The original “Ben Hur” was a mega
hit movie ….with ( 11 ) Oscars.

The remake is a box office flop.

A clear case of “Ben Hur, Done That”

@sarcasticmommy4

I’m not sure what my husband is planning on doing for me on Mother’s Day but I hope it’s laundry.

@legendofchelda

I’m vegan now but I’m still gonna eat eight spiders a year on cheat days

@ShutUpThatsWho

[clown cleaning shower]

MRS CLOWN: Don’t forget to remove the hair from the drain.

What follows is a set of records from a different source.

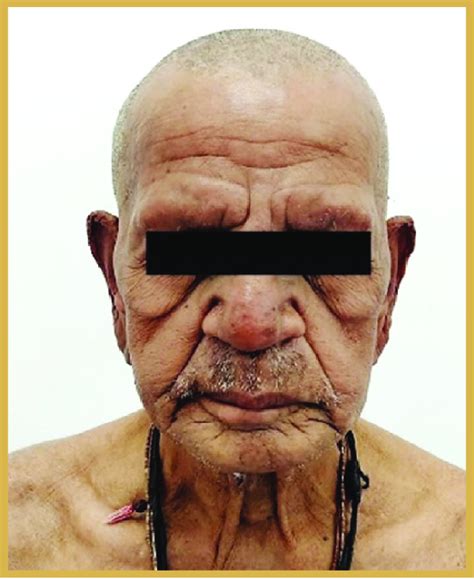 A Leonine Face Of Lepromatous Leprosy Download Scientific Diagram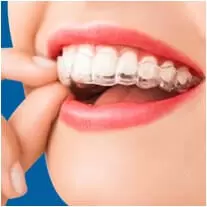 Niềng răng trong suốt Invisalign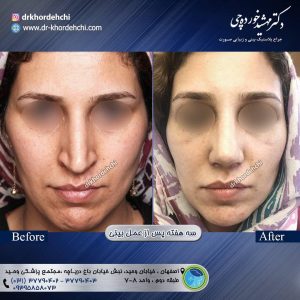 جراح بینی اصفهان - دکتر مهشید خورده چی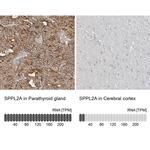 SPPL2A Polyclonal Antibody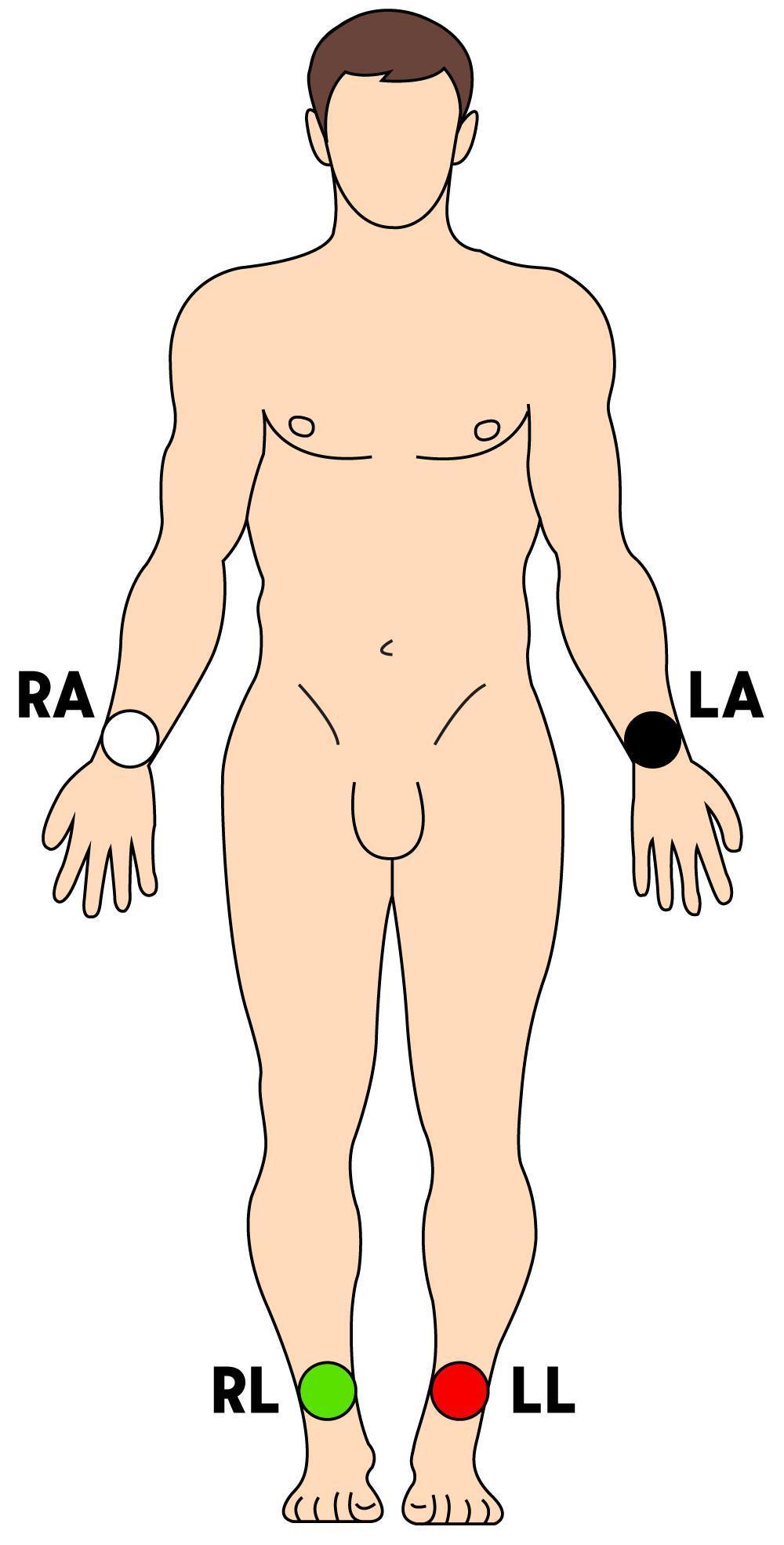 09. Électrocardiogramme (ECG) en 12 dérivations (12D)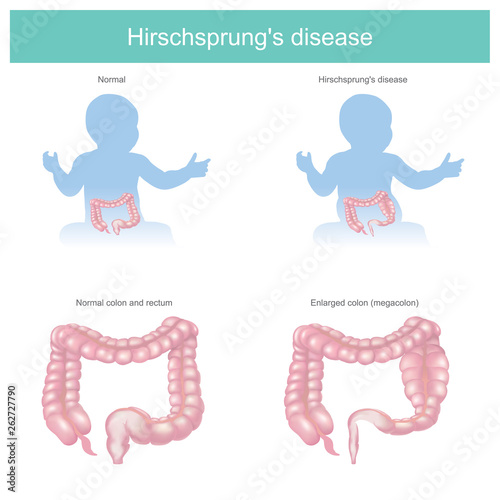 Hirschsprung's disease photo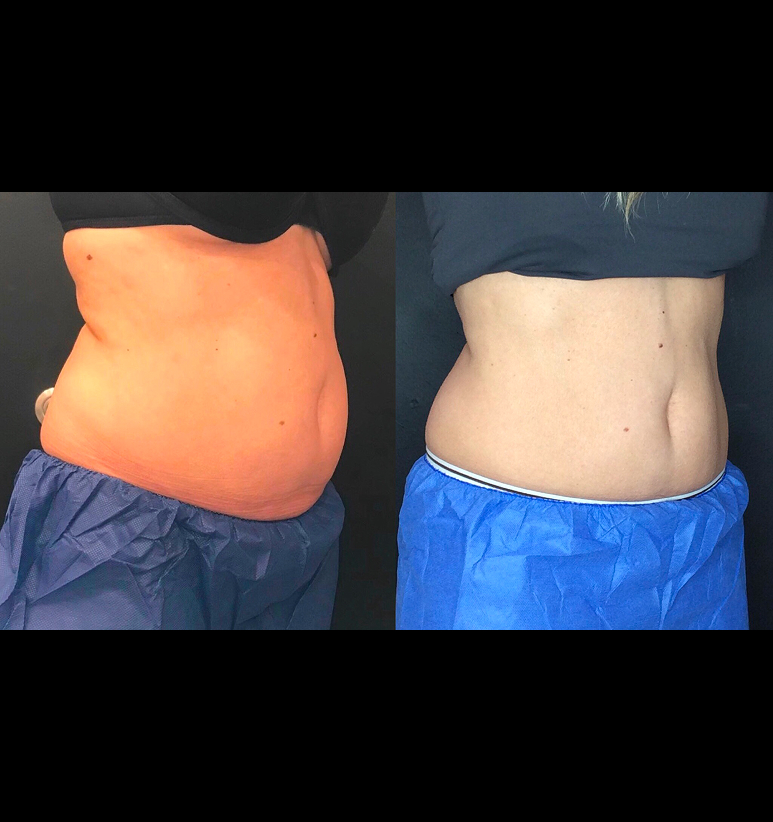 Coolsculpting
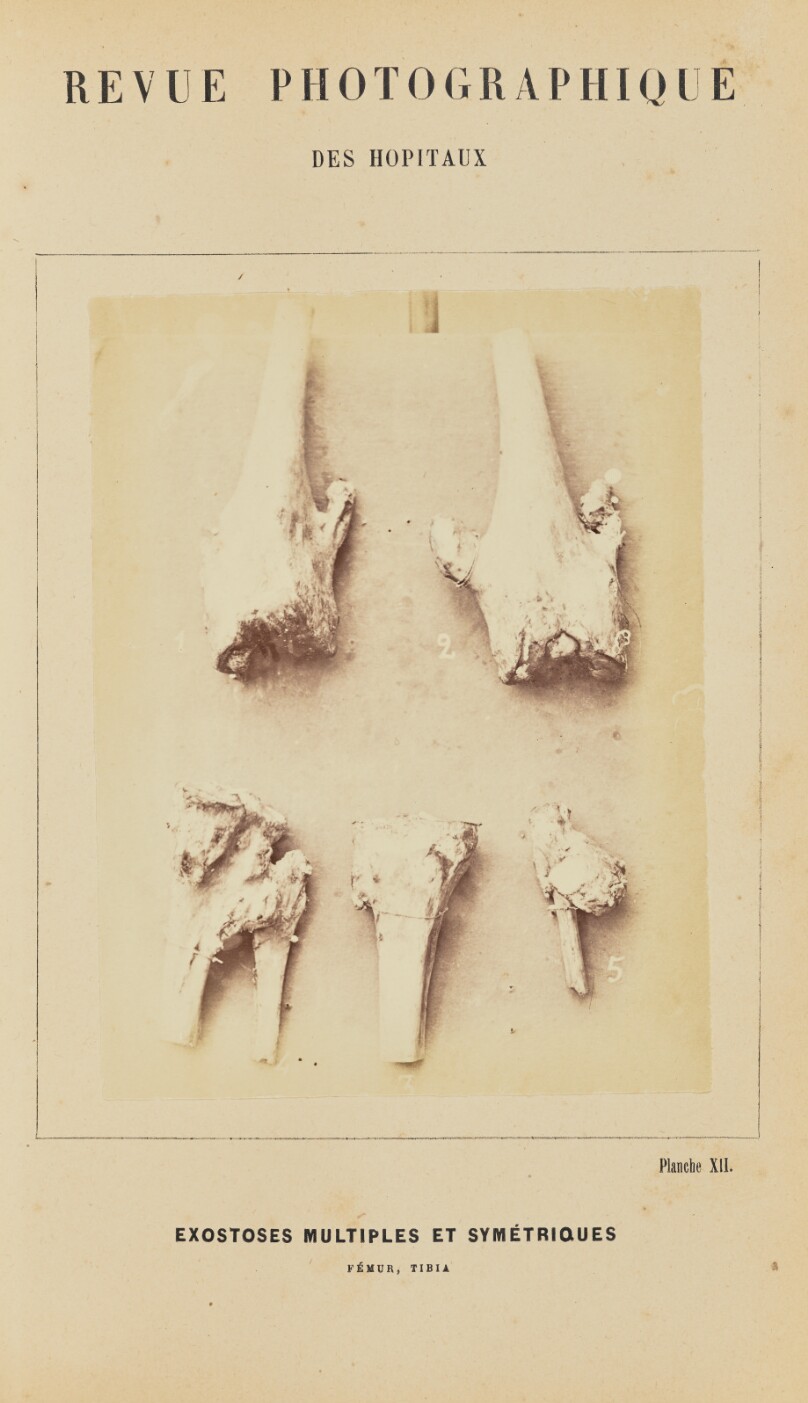 Exostoses multiples et symétriques, fémur, tibia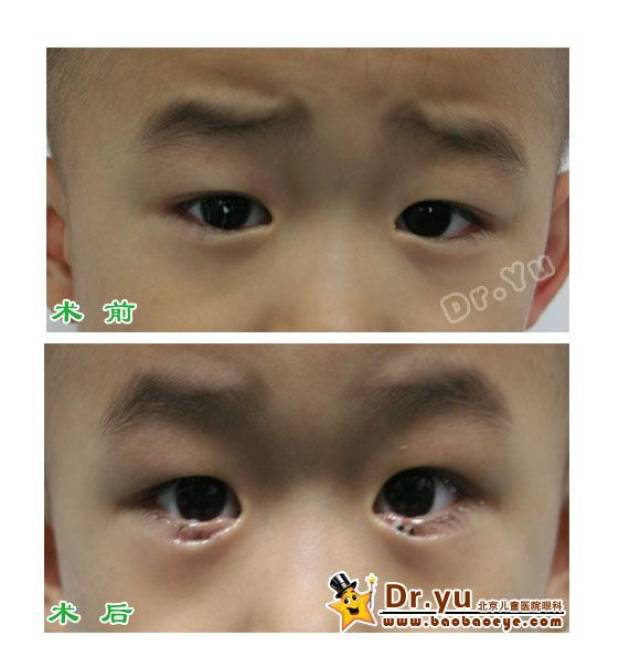 倒睫 内翻何时手术好?(附手术照片) (原创)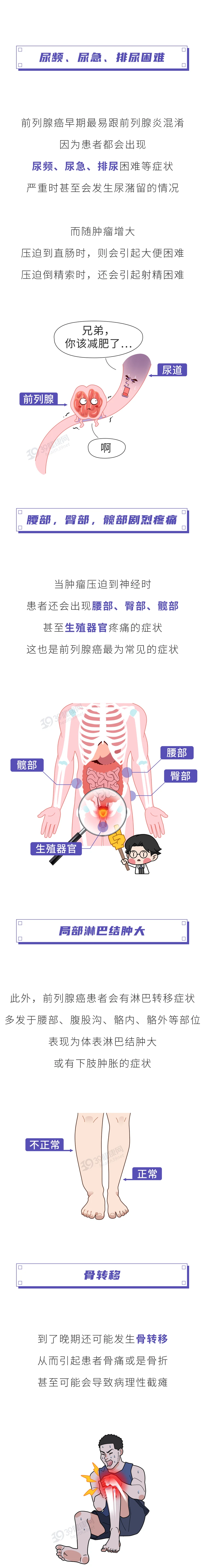 前列腺癌一发现就是晚期2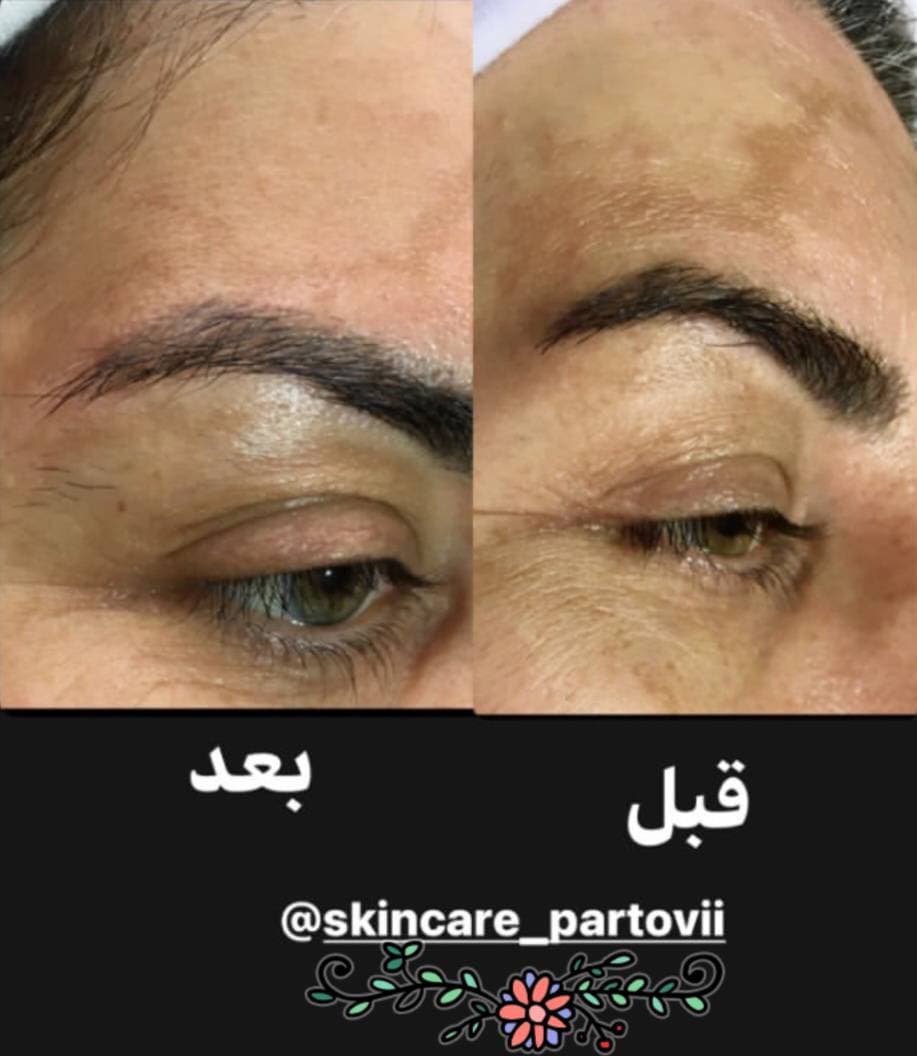 کلینیک تخصصی درمان لک شیرین پرتوی در آمادگاه اصفهان
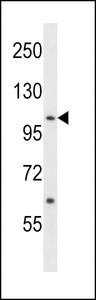 TNK2 / ACK1 Antibody - ACK1 Antibody (Center Y284) western blot of NCI-H460 cell line lysates (35 ug/lane). The ACK1 antibody detected the ACK1 protein (arrow).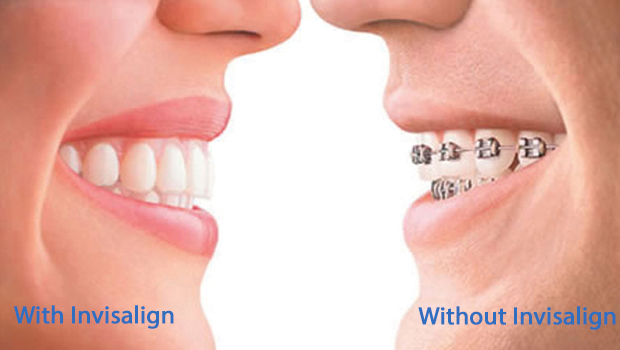 Braces vs. Invisalign: A Clear Comparison for a Straighter Smile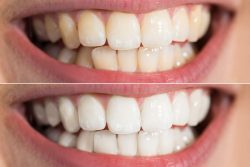 Professional Teeth Whitening Near Me |Teeth Whitening in Houston, TX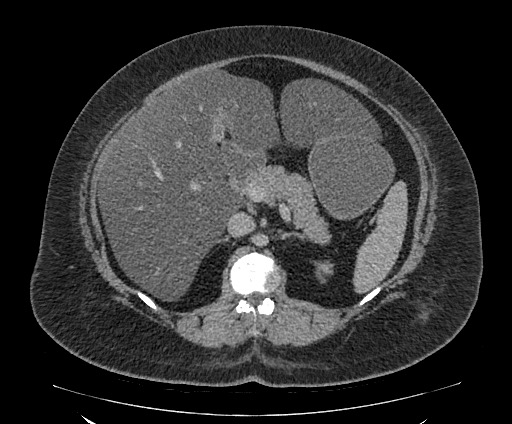 File:Bowel and splenic infarcts in acute lymphocytic leukemia (Radiopaedia 61055-68913 A 50).jpg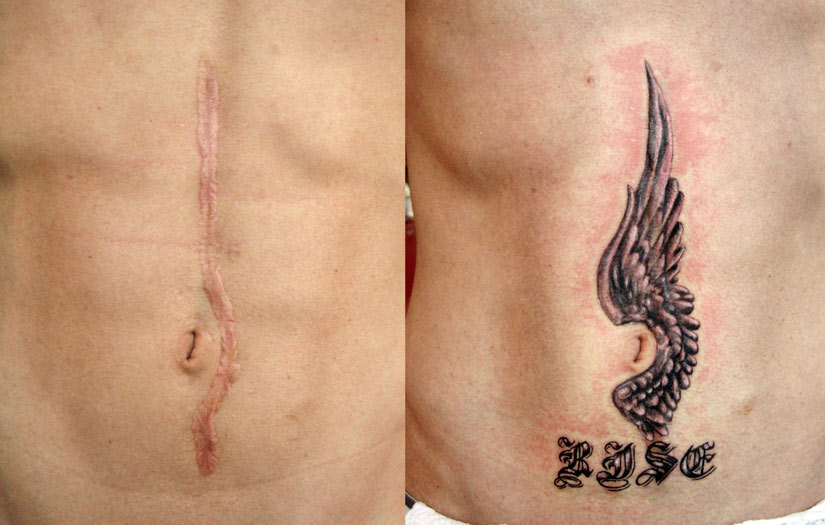 Тату на месте шрама Тату на месте шрама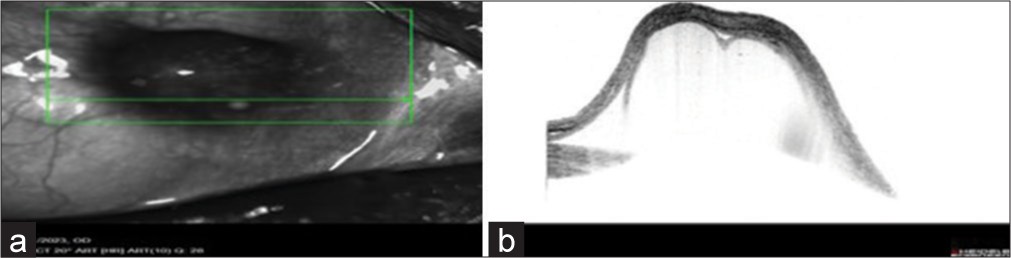 (a and b) Anterior segment optical coherence tomography of the lesion.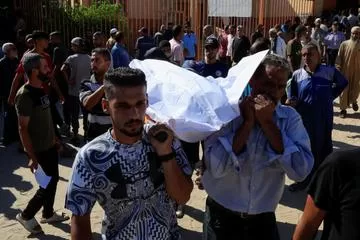 UN finds rising child malnutrition in Gaza 2 - Egyptian Gazette UN finds rising child malnutrition in Gaza 1 - Egyptian Gazette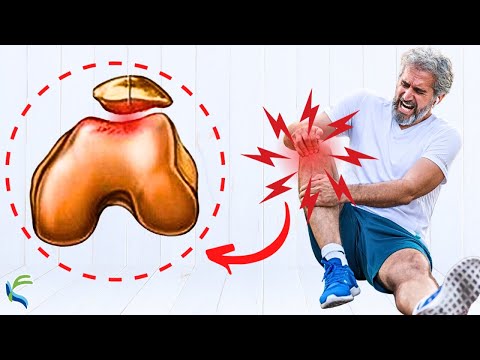 Top 5 ejercicios ▶️ para tratar la CONDROMALACIA ROTULIANA ✅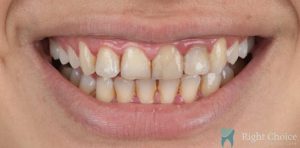 Smile Makeover-03 Before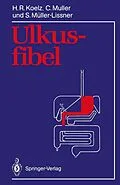 E-Book (pdf) Ulkusfibel von Hans R. Koelz, Claude Muller, Stefan Müller-Lissner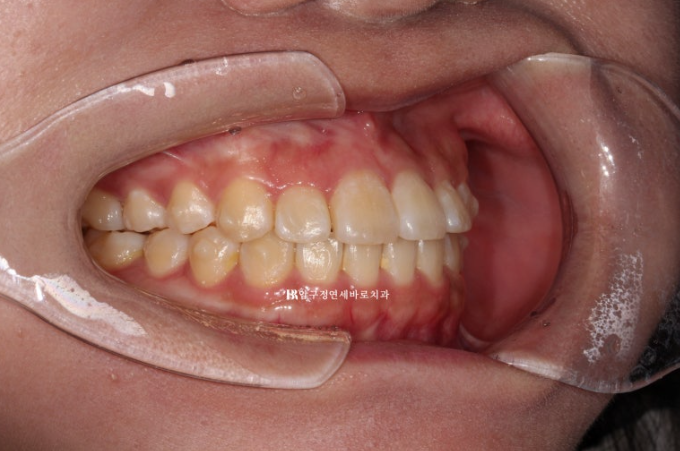 인비절라인라이트 재교정 뻐드렁니 교정 돌출 교정 관련 이미지 4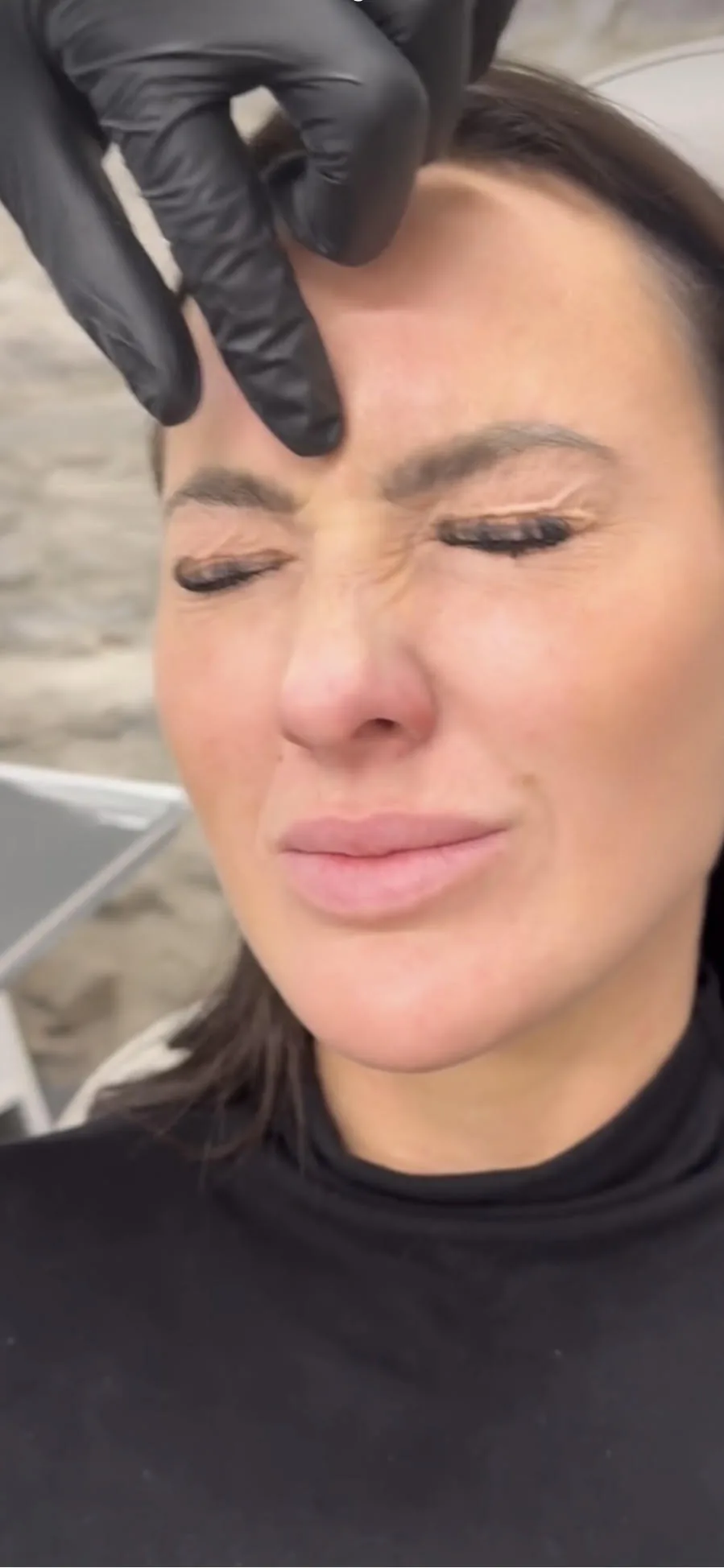 Botox&reg;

[clown just keeps pulling long multi-coloured hair out]

@3sunzzz

When I see how my boys have loaded the dishwasher I think, “Maybe their father is my cousin.”

@UncleDuke1969

HER: Talk dirty to me.
ME: I don’t want to.
HER: C’mon.
ME: No, I’m bad at it.
HER: I’m sure you’re not.
ME: I really am.
HER: Just try.
ME: *whispers in her ear*
HER: Yeah, never do that again.

@thetits

[texting]

ME: I like you, I think you’re cute

MY CRUSH: oh um

ME: HAHAHA omg my dog was chewing on my phone lol how did he type that

@darksidedeb

[on a date]

Him: I love the law.

Me: [trying to impress] I like food courts.